AVAILABLE DATA: Begin

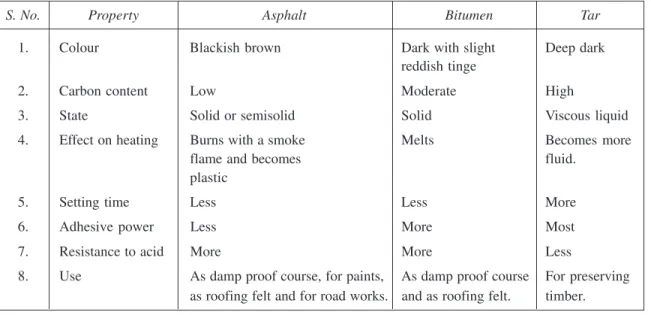 Table 5.1. Comparison between asphalt, bitumen and tar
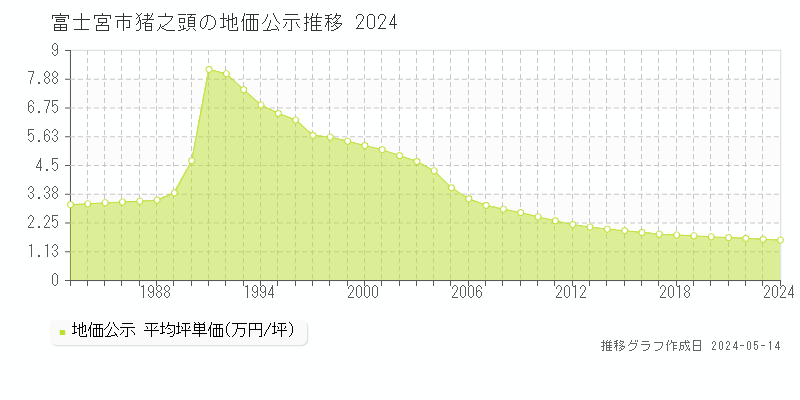 富士宮市猪之頭の地価公示推移グラフ 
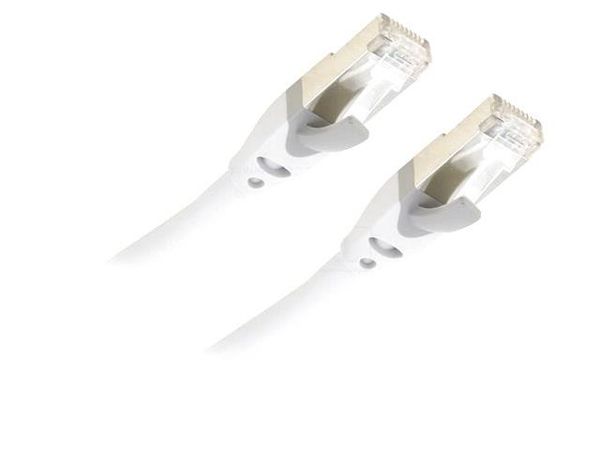 IBHHI  Wire & Cable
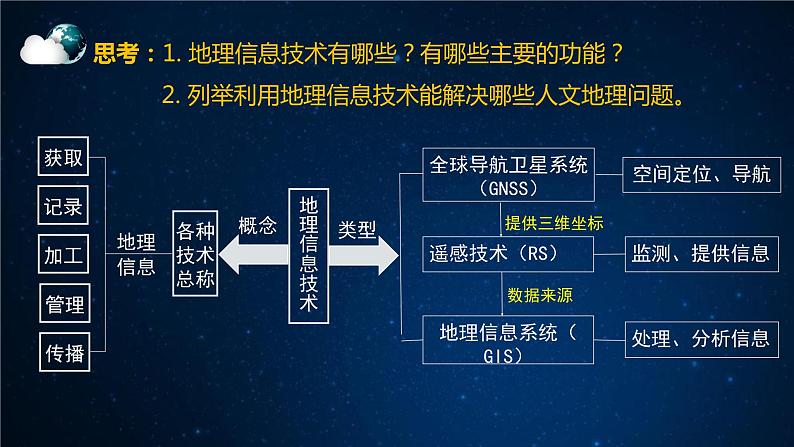 4.4 地理信息技术的应用（精品课件）-高一地理同步备课系列（中图版2019必修第二册）第4页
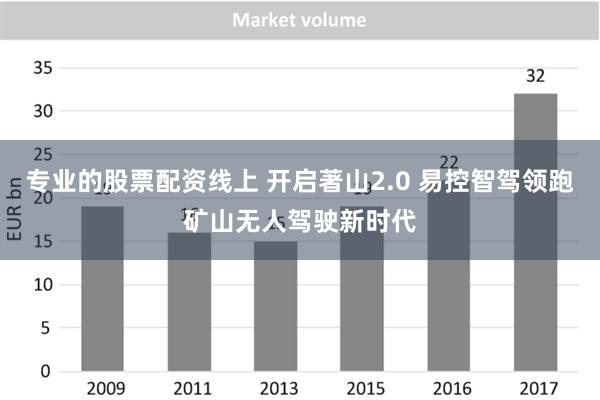 专业的股票配资线上 开启著山2.0 易控智驾领跑矿山无人驾驶新时代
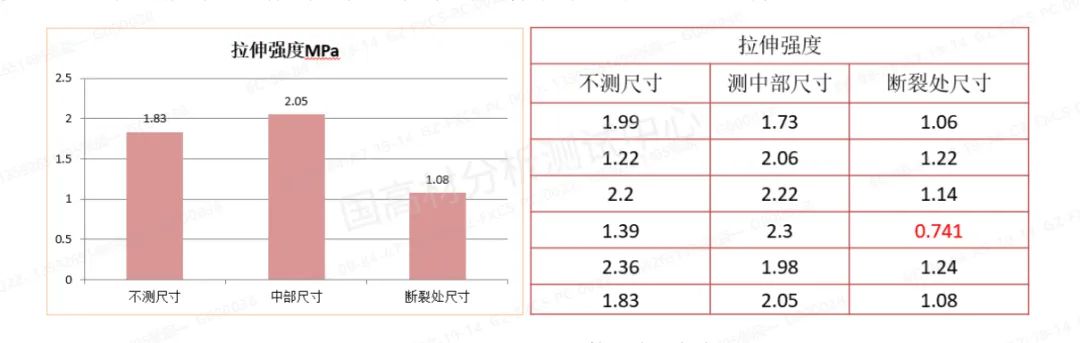 技术研究 | 没想到这种方法做拉伸测试，塑料老化寿命差异这么大的图6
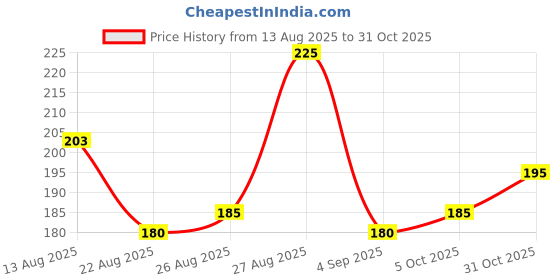 ajio.com fyre rose Women Slim Fit Tank Top fyre rose Price History Graph from 13 Aug 2025 to 31 Oct 2025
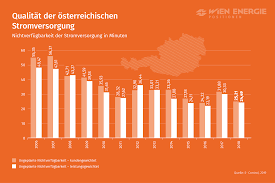 Sie haben einen stromausfall wien und brauchen sehr schnell eine professionelle hilfe? Statistik Zu Stromausfallen In Osterreich Positionen Wien Energie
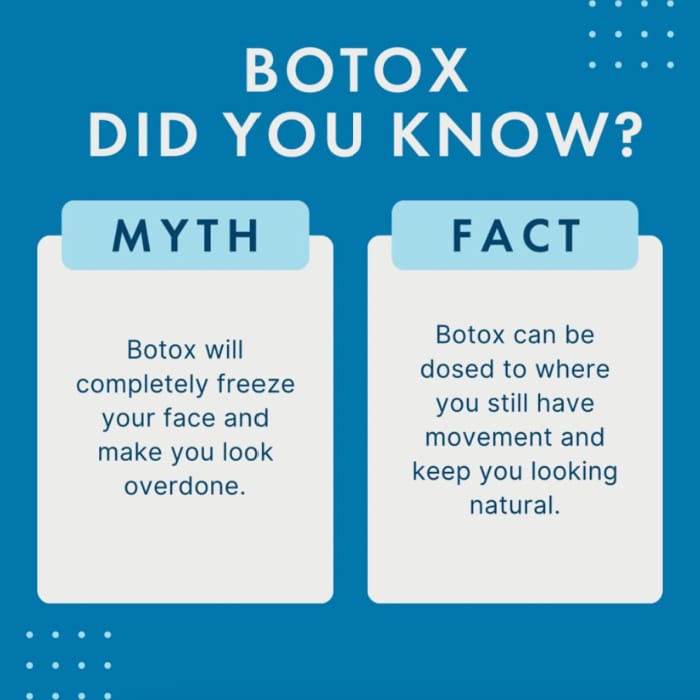 Botox myth vs fact infographic from Kalos Medical Spa in Fort Worth, TX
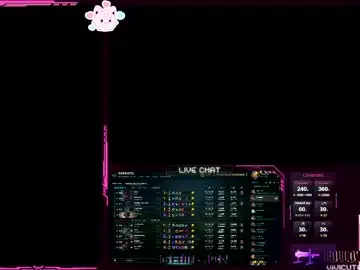 Chaturbate Free Live Porn of vivicute_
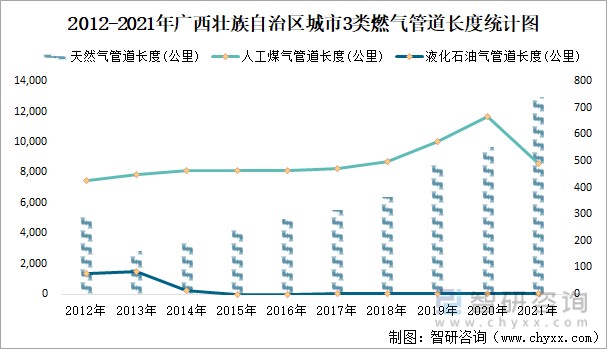 2012-2021年广西壮族自治区城市3类燃气管道长度统计图2021年,广西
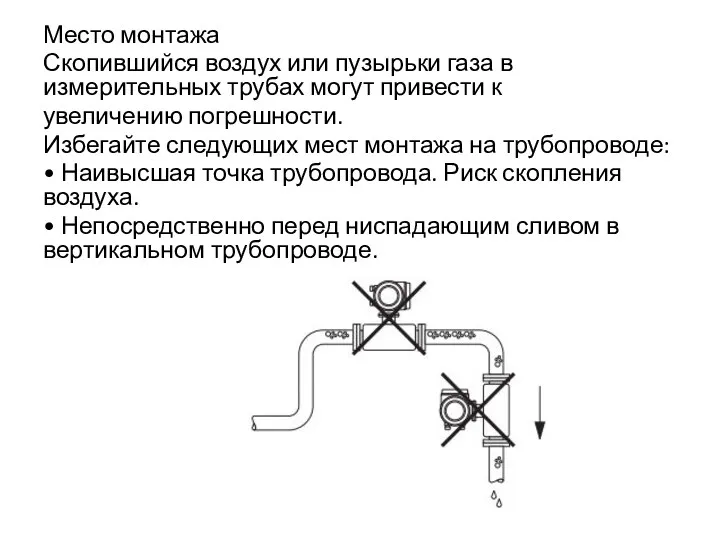 Место монтажа Скопившийся воздух или пузырьки газа в измерительных трубах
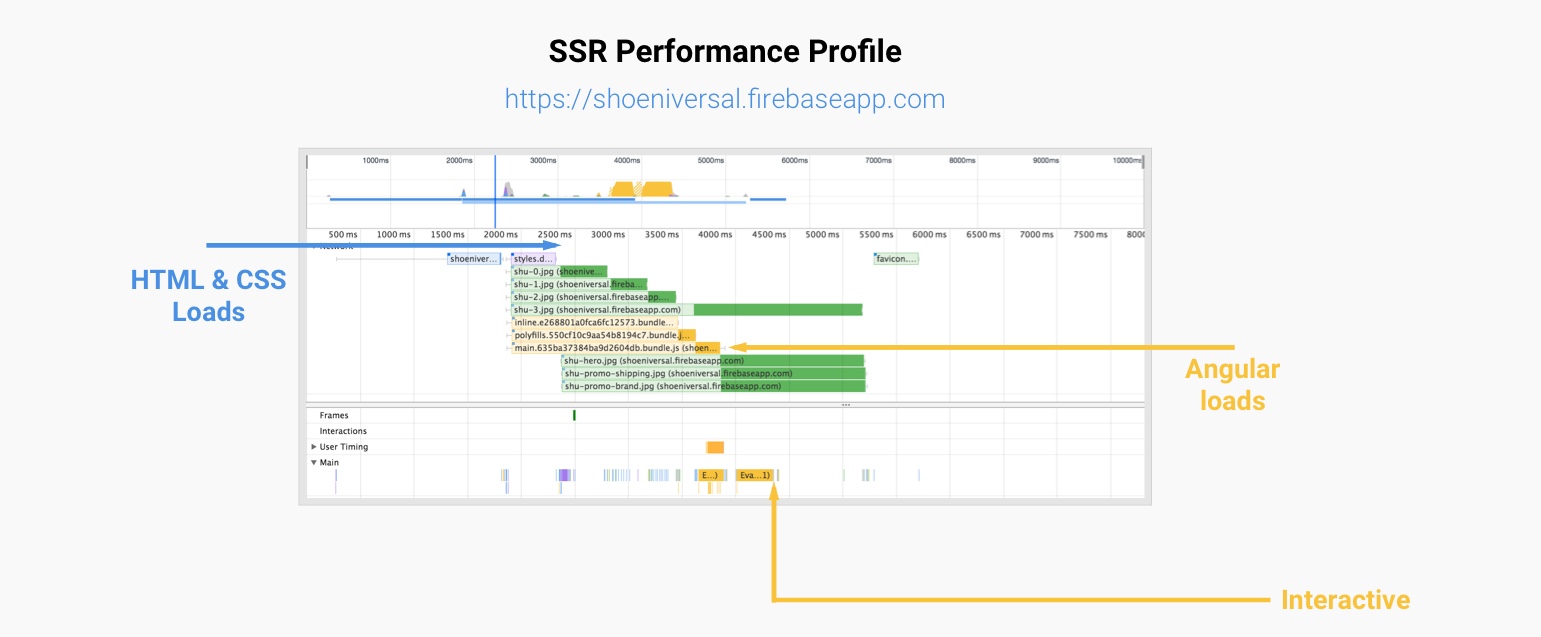 Server-side Rendered performance profile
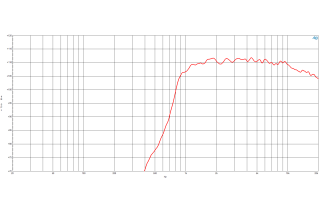 B&C DE360 Driver a Compressione 1"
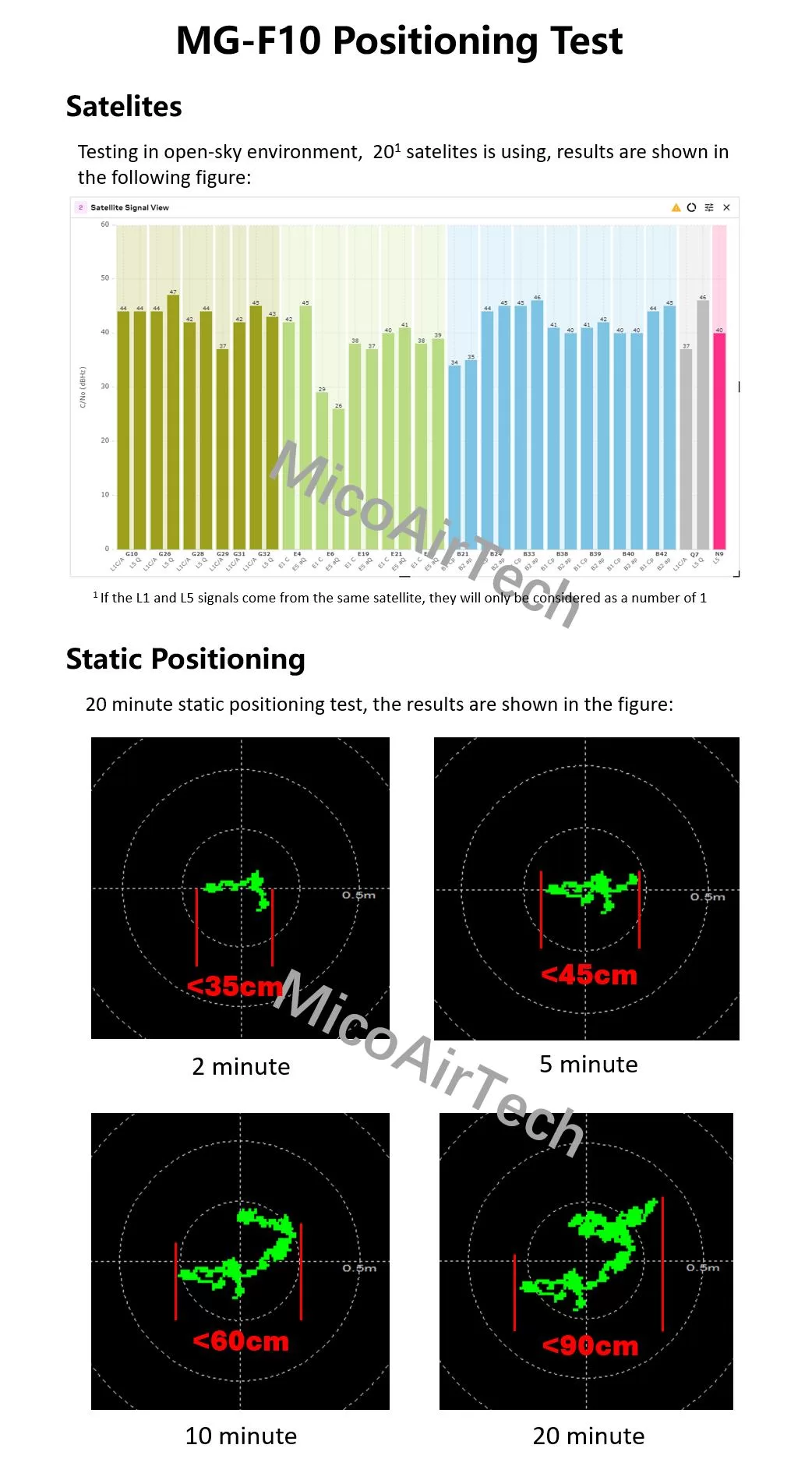 MG-F10 positioning test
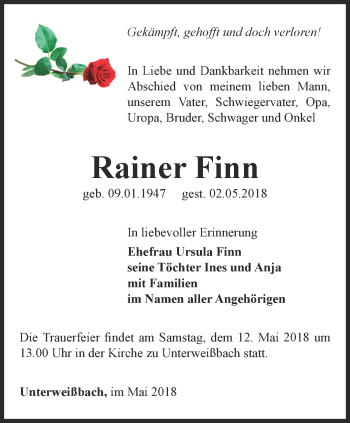 Traueranzeige von Rainer Finn von Ostthüringer Zeitung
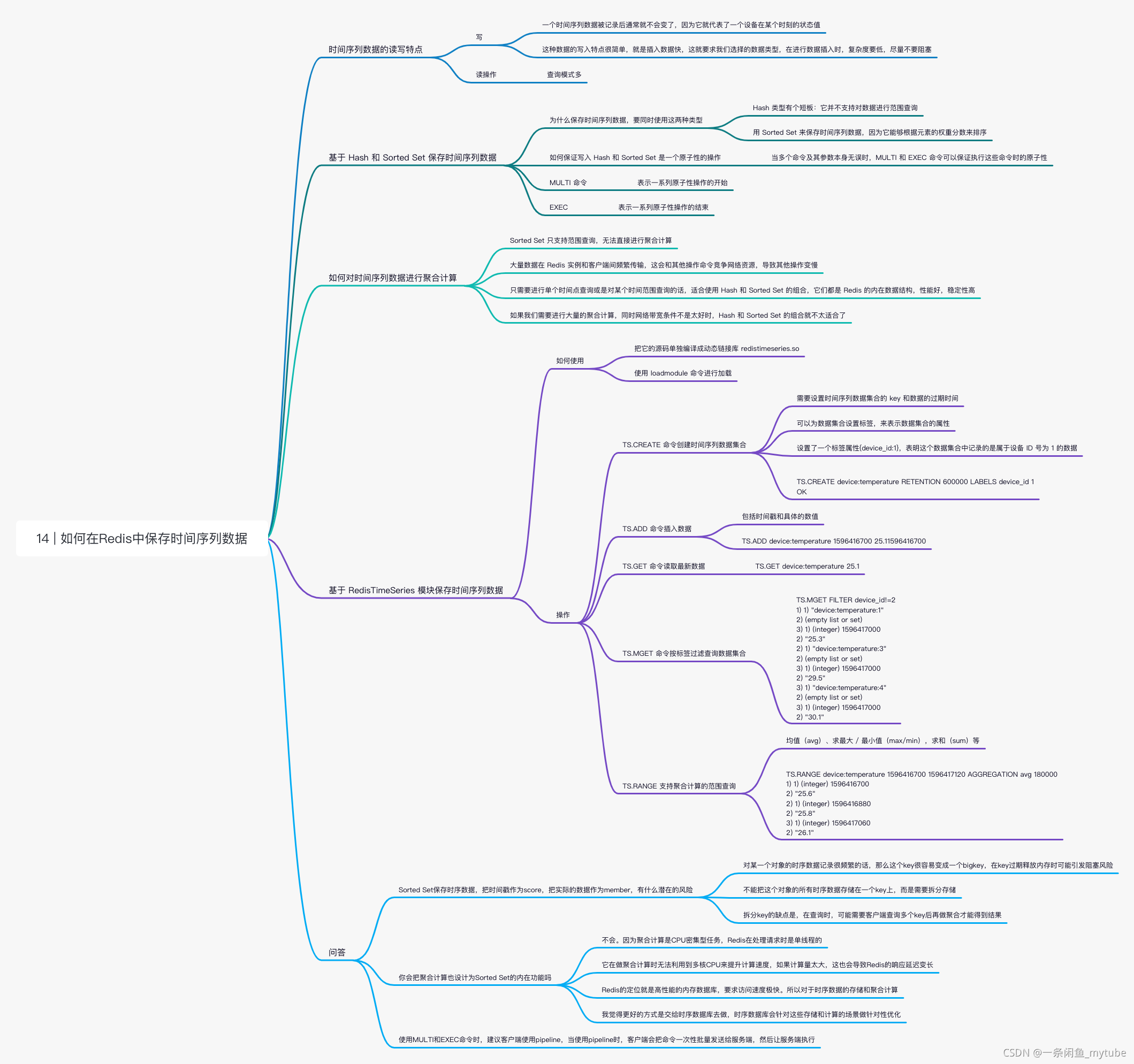 redis-14如何在redis中保存时间序列数据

AVAILABLE DATA: End

■ YOUR GOAL ■
Copy these entries precisely and drop any picture.

■ SOLUTION BELOW ■
 Table 5.1. Comparison between asphalt, bitumen and tar
 富士宮市猪之頭の地価公示推移グラフ 
 IBHHI  Wire & Cable
 4.4 地理信息技术的应用（精品课件）-高一地理同步备课系列（中图版2019必修第二册）第4页
 专业的股票配资线上 开启著山2.0 易控智驾领跑矿山无人驾驶新时代
 技术研究 | 没想到这种方法做拉伸测试，塑料老化寿命差异这么大的图6
 ajio.com fyre rose Women Slim Fit Tank Top fyre rose Price History Graph from 13 Aug 2025 to 31 Oct 2025
 Sie haben einen stromausfall wien und brauchen sehr schnell eine professionelle hilfe? Statistik Zu Stromausfallen In Osterreich Positionen Wien Energie
 Botox myth vs fact infographic from Kalos Medical Spa in Fort Worth, TX
 Chaturbate Free Live Porn of vivicute_
 2012-2021年广西壮族自治区城市3类燃气管道长度统计图2021年,广西
 Место монтажа Скопившийся воздух или пузырьки газа в измерительных трубах
 Server-side Rendered performance profile
 B&C DE360 Driver a Compressione 1"
 MG-F10 positioning test
 Traueranzeige von Rainer Finn von Ostthüringer Zeitung
 redis-14如何在redis中保存时间序列数据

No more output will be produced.